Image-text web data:
* * *
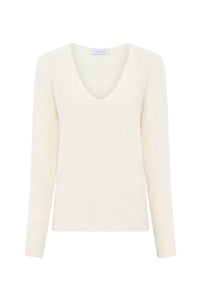 Ward Knit V-Neck Sweater in Ivory Silk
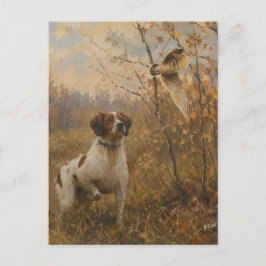Brittany Spaniel – Houtsnip Jacht Kunst Briefkaart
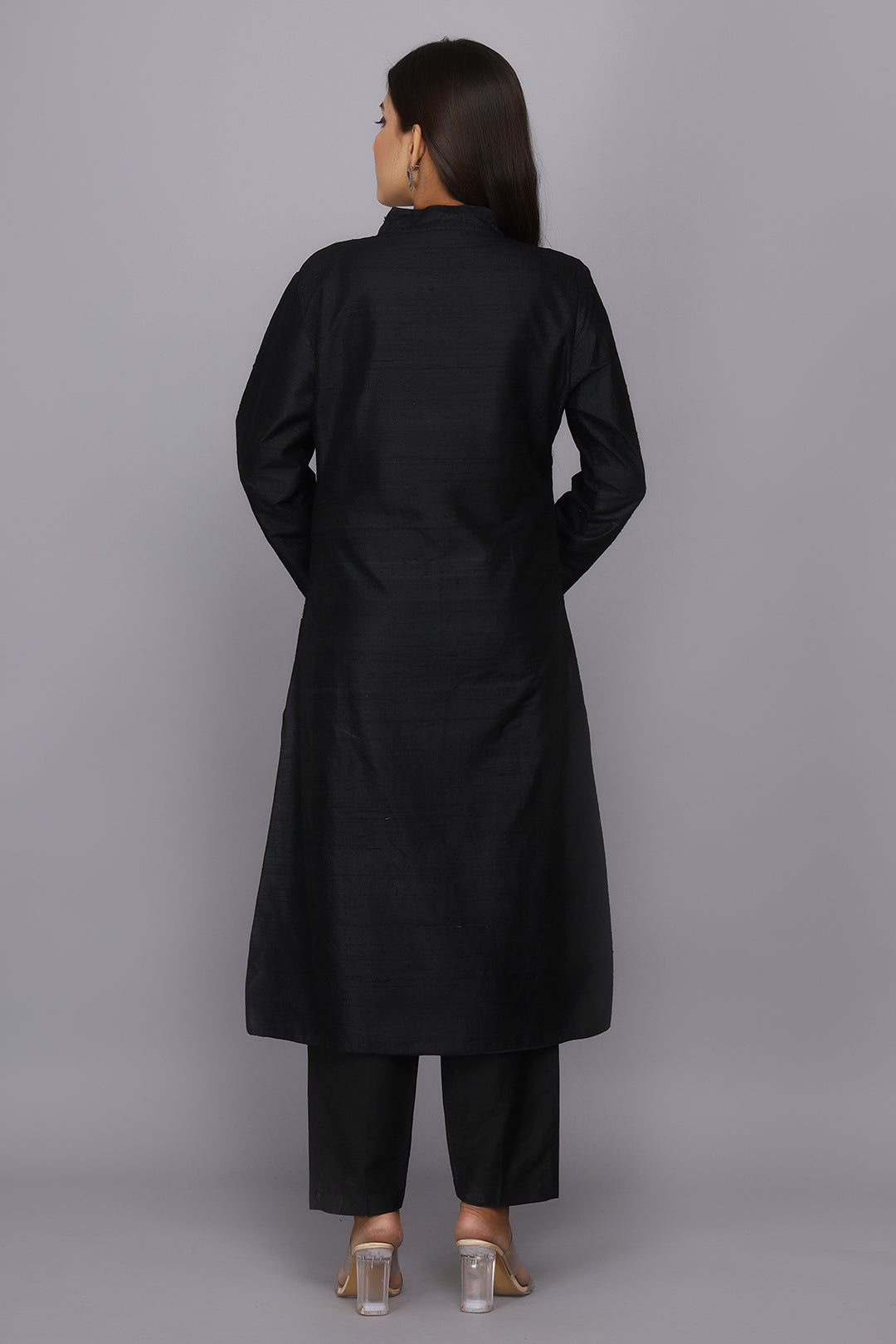 Black Hand Woven Pure Raw Silk Kurta Set with Zardosi Work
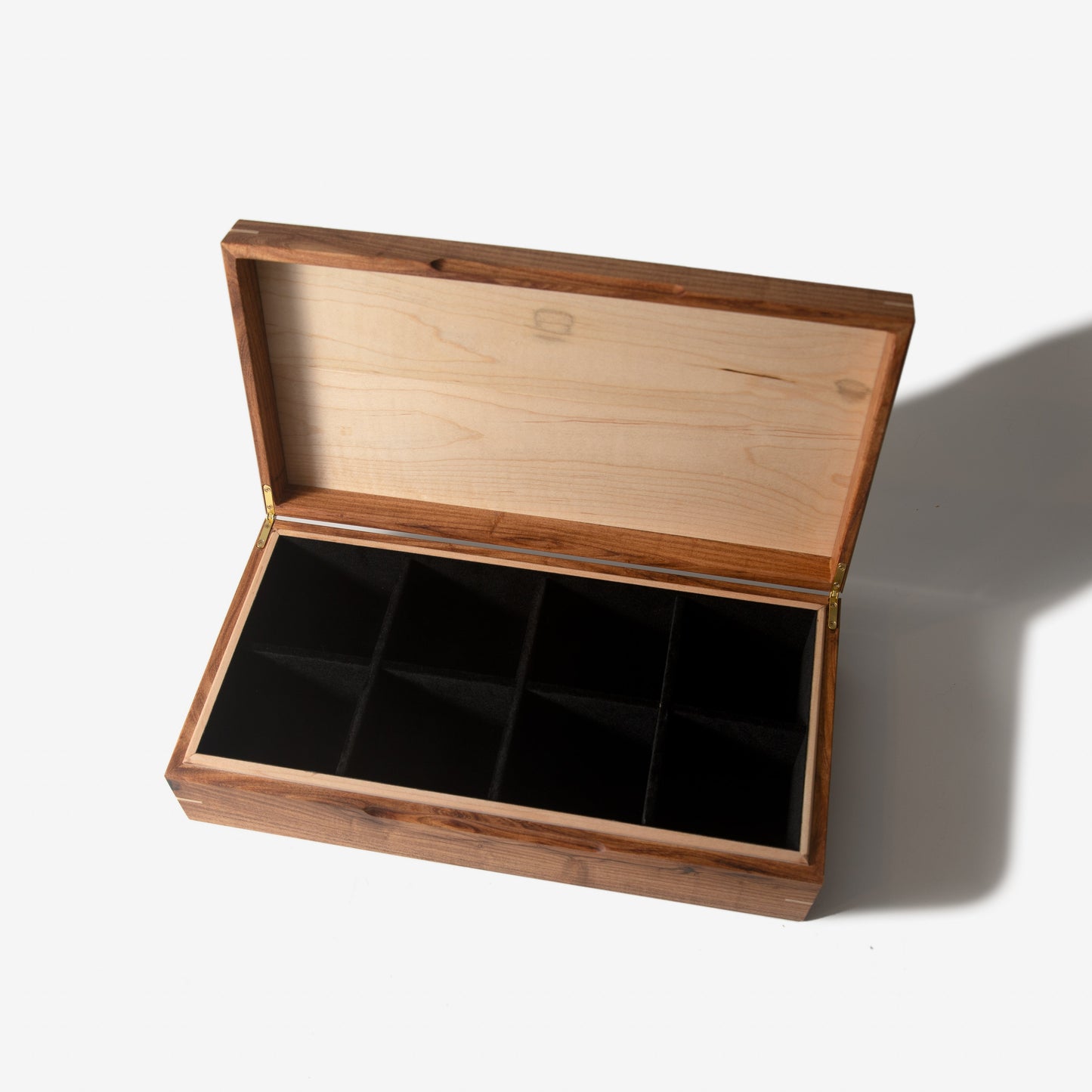 Red Ridge Woodworking – Handcrafted Desert Mesquite & Curly Maple Watch Box — 8 Compartments – product box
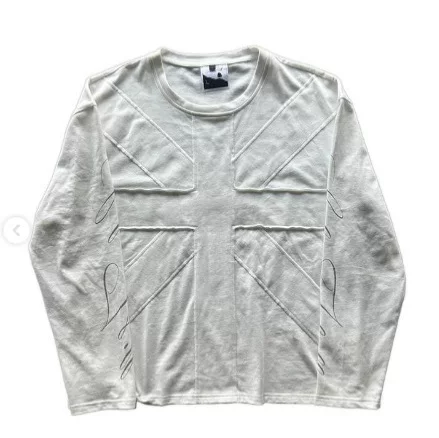 European and American Ins cross-border personalized dark print round neck thick cotton T long sleeved T-shirt pullover retro jacket street trend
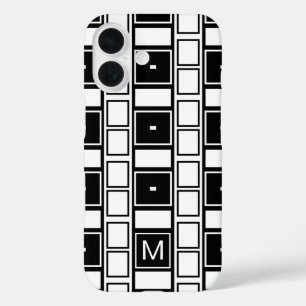 Monogrammed contemporary black and white squares iPhone 16 case
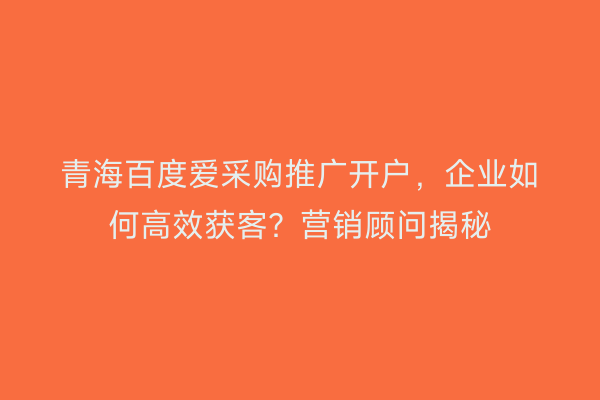 青海百度爱采购推广开户，企业如何高效获客？营销顾问揭秘
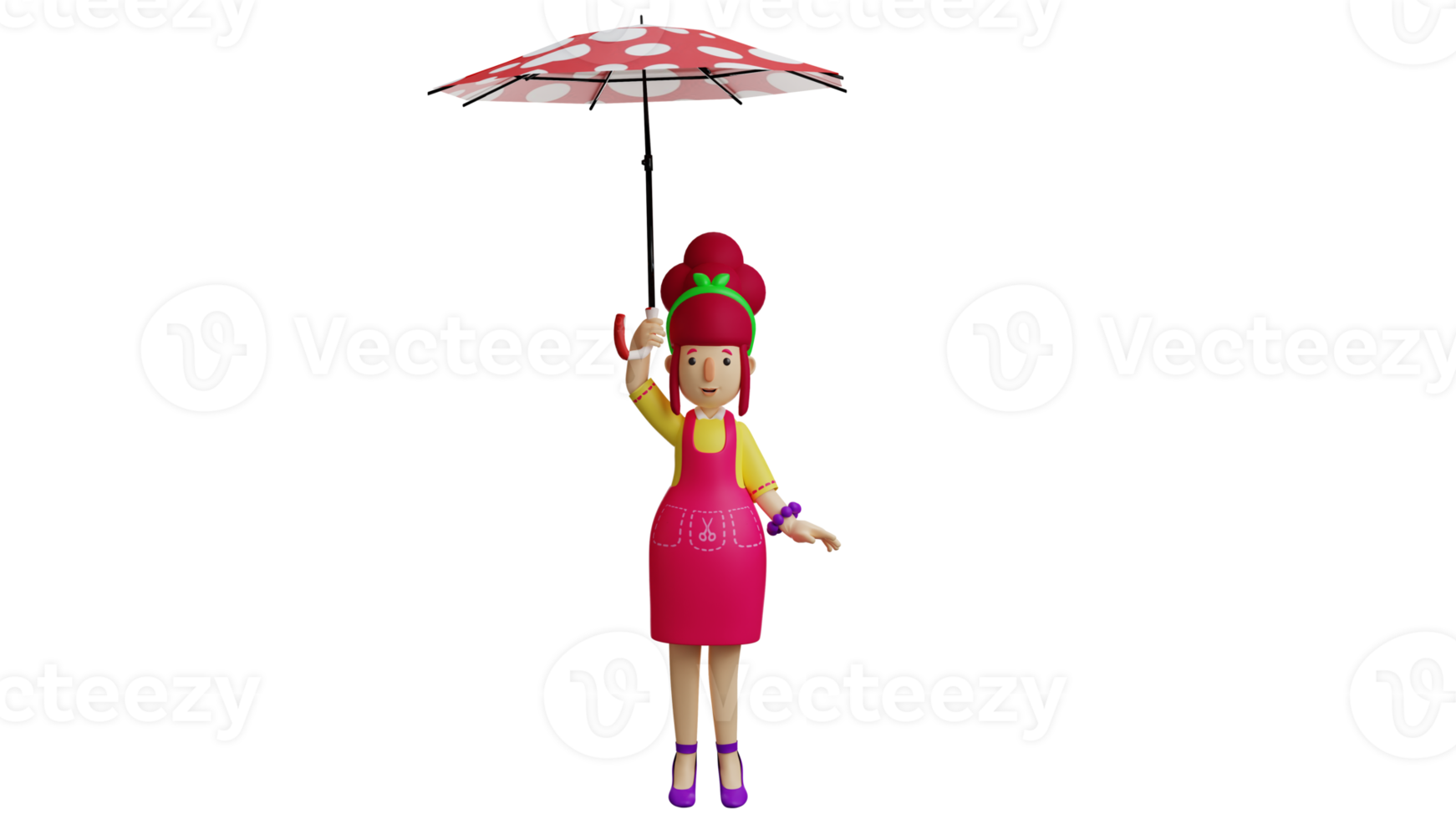 3D illustration. Beautiful Waitress 3D Cartoon Character. Young mother is holding a red umbrella. Friendly waitress brings umbrella. Beautiful woman carrying polka dot umbrella. 3D Cartoon Character png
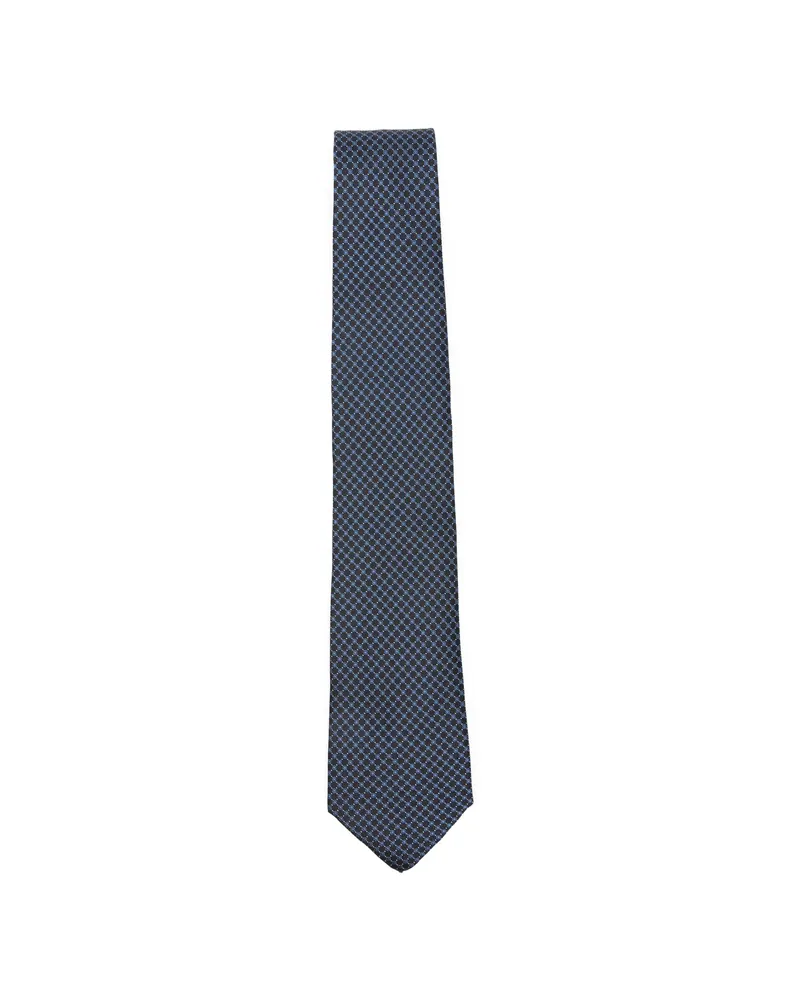 Canali Geometric-patterned Tie Blue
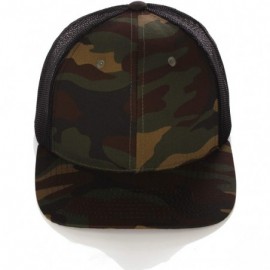 Baseball Caps Vintage Retro Style Plain Two Tone Trucker Hat Adjustable Snapback Baseball Cap - Camo Black - CS18HM7T0ME $12.62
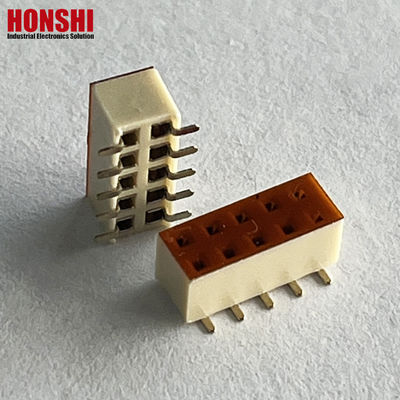 Konektor header wanita pitch putih baris ganda 2.54mm H7.1 10p SMT Tipe Pa6t PCB Papan
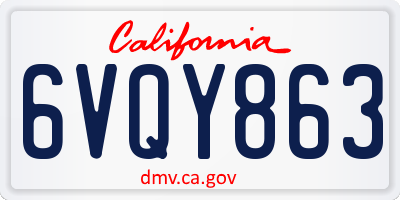 CA license plate 6VQY863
* * *
**Task**
Give back exactly, and only, the lines from the one holding "Baseball Caps Vintage" through the last line of the entries, with every picture omitted.

**Result for this task**
 Baseball Caps Vintage Retro Style Plain Two Tone Trucker Hat Adjustable Snapback Baseball Cap - Camo Black - CS18HM7T0ME $12.62
 Konektor header wanita pitch putih baris ganda 2.54mm H7.1 10p SMT Tipe Pa6t PCB Papan
 CA license plate 6VQY863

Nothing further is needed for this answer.